Exercise brief: The expected answer is the full listing, repeated exactly and free of images.

----------------------------------------

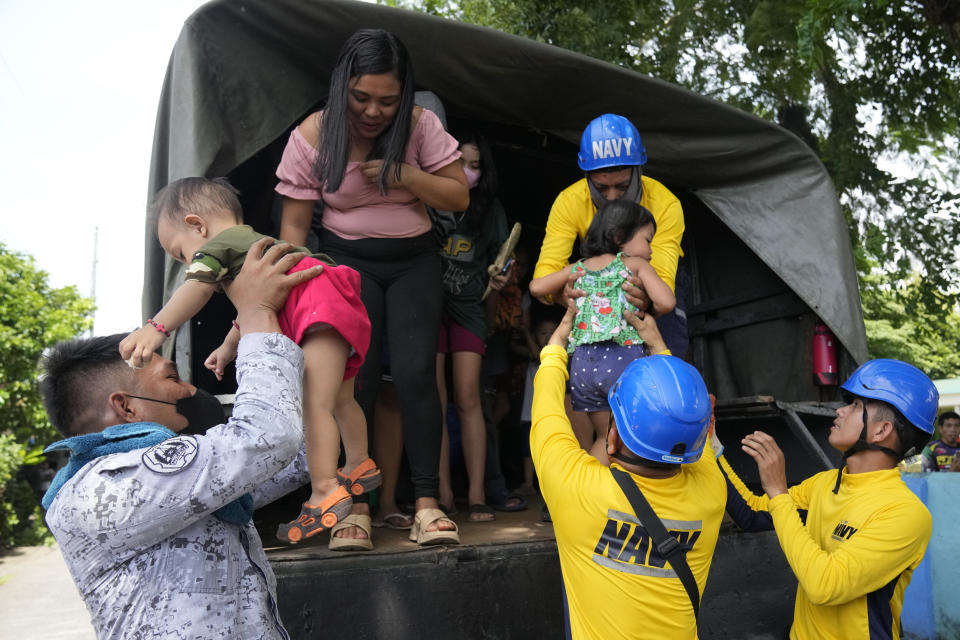 Philippine Navy personnel help bring down children from a military truck as they arrive at an evacuation center in Santo Domingo town, Albay province, northeastern Philippines, Tuesday, June 13, 2023. Truckloads of villagers on Tuesday fled from Philippine communities close to gently erupting Mayon volcano, traumatized by the sight of red-hot lava flowing down its crater and sporadic blasts of ash. (AP Photo/Aaron Favila)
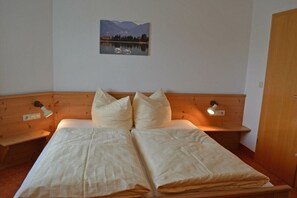 Ein Doppelbett mit zwei Kissen, einer Nachttischlampe und einem Wandbild mit einer Seenlandschaft und Schwänen.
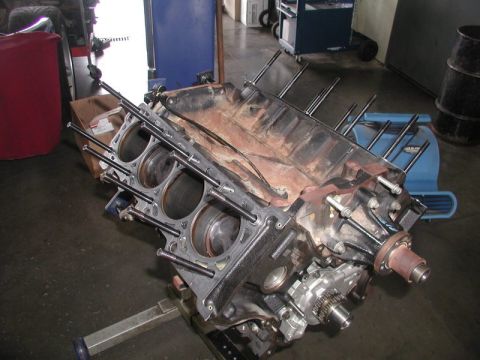 2007 Ford Mustang - Engine block assembly on a stand, showing cylinder bores and part of the oil pump mechanism.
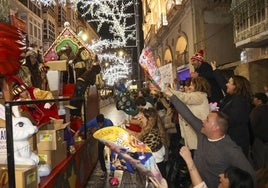 La carroza del Rey Gaspar, a su paso por la calle del Carmen repleta de público con conos pidiendo los regalos que el mago y sus pajes reparten.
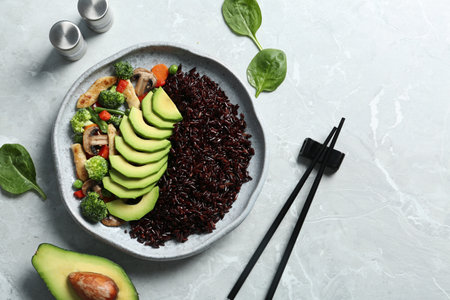 Plate of boiled brown rice with avocado served on table, top view. Space for text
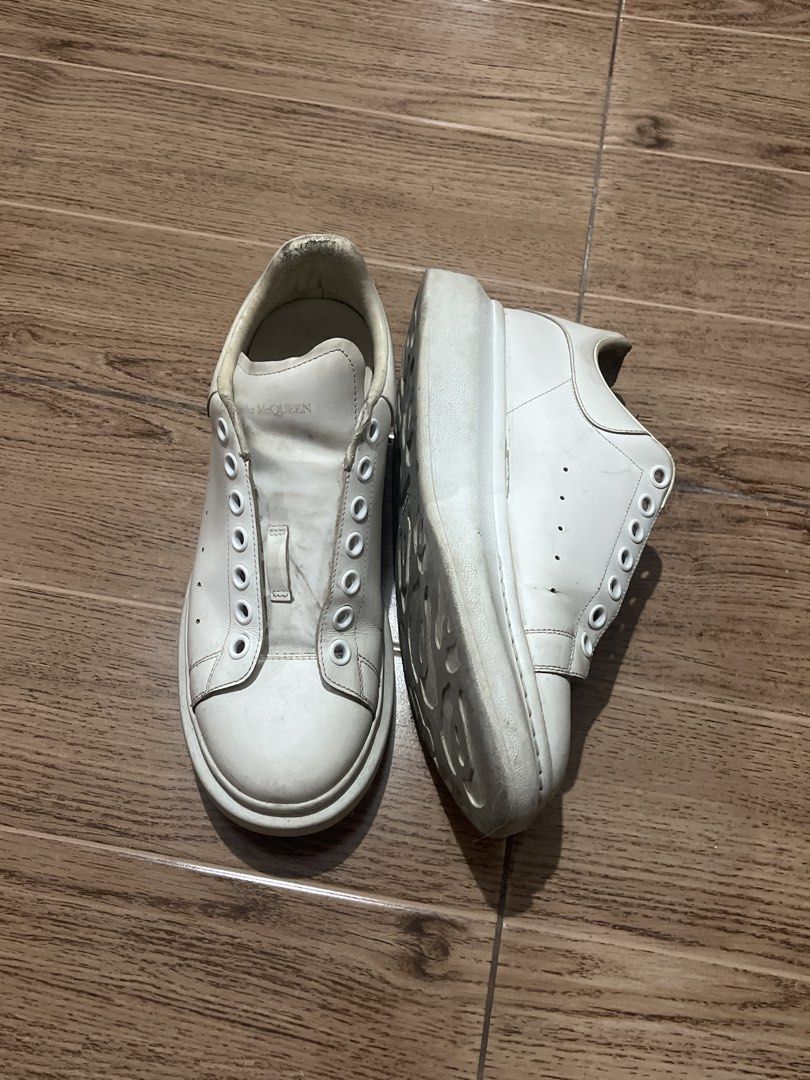 Alexander McQueen Oversized Sneakers White (Category: Sneakers) located in Tarlac. Submitted by 444_conservative (Listing ID 1470452086, Image 1). Description: - Brand: Alexander McQueen - Color: Classic White - Style: Chunky rubber sole leather sneakers - Condition: Pre-loved, selling as-is - Flaws: Missing laces, visible dirt marks, and overall wear on leather and soles - Note: Perfect for restoration or casual everyday beaters.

----------------------------------------

Answer for the task:
 Philippine Navy personnel help bring down children from a military truck as they arrive at an evacuation center in Santo Domingo town, Albay province, northeastern Philippines, Tuesday, June 13, 2023. Truckloads of villagers on Tuesday fled from Philippine communities close to gently erupting Mayon volcano, traumatized by the sight of red-hot lava flowing down its crater and sporadic blasts of ash. (AP Photo/Aaron Favila)
 Ein Doppelbett mit zwei Kissen, einer Nachttischlampe und einem Wandbild mit einer Seenlandschaft und Schwänen.
 2007 Ford Mustang - Engine block assembly on a stand, showing cylinder bores and part of the oil pump mechanism.
 La carroza del Rey Gaspar, a su paso por la calle del Carmen repleta de público con conos pidiendo los regalos que el mago y sus pajes reparten.
 Plate of boiled brown rice with avocado served on table, top view. Space for text
 Alexander McQueen Oversized Sneakers White (Category: Sneakers) located in Tarlac. Submitted by 444_conservative (Listing ID 1470452086, Image 1). Description: - Brand: Alexander McQueen - Color: Classic White - Style: Chunky rubber sole leather sneakers - Condition: Pre-loved, selling as-is - Flaws: Missing laces, visible dirt marks, and overall wear on leather and soles - Note: Perfect for restoration or casual everyday beaters.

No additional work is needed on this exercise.